86. Future, “Made My Hoe Faint”
Reaching that hallowed career apex where the best titles = the best content.
85. Chief Keef, “Treat Myself”
The godfather of whatever he’s a godfather of celebrates his victory-lap era with — what else? — the occasional proof of his stature.
84. Billie Eilish, “Birds of a Feather”
Sometimes even the brainrot-era masses know subtle better than I do.
83. Charli XCX feat. Billie Eilish, “Guess”
There’s no way Billie’s sexuality is not more messed-up than her most conventional pop year lets on, but this Kim Gordon-ready sprechgesang-to-undies is a good indicator of health.
82. A$AP Rocky, “Tailor Swif”
Dreamy Vice-era Harry Fraud blog-rap lives!
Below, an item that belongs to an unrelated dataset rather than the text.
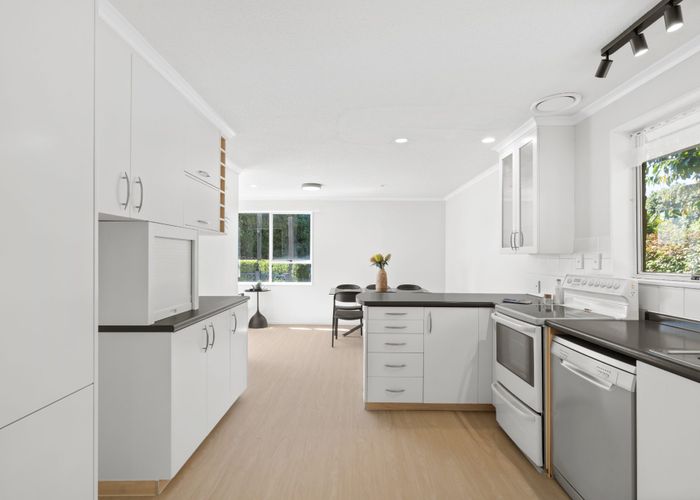  at 12 Iona Place, Sockburn, Christchurch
81. Sabrina Carpenter, “Busy Woman”
Not as seismic as Olivia’s own hilariously difficult-to-own Secret Tracks but to turn it down for Short N’ Sweet, well, that’s just unethical. “Needless to Say” (“how’s the weather in your mother’s basement?”) could’ve occupied this slot, too.
80. GloRilla, “TGIF”
Is it crazy a rap lyricist this ordinary gets to enjoy such a run of chest-beating hits? Only if you forgot all the men who got to do it first.
79. Metro Boomin & Future feat. Kendrick Lamar, “Like That”
Give it up for the moment all of rap revolted against Drake’s hatefully mid regime overseeing a truly insufferable decade of negative growth and diminishing returns that only increased artistically in volume, both ways: numerous and shrill. Better late than never.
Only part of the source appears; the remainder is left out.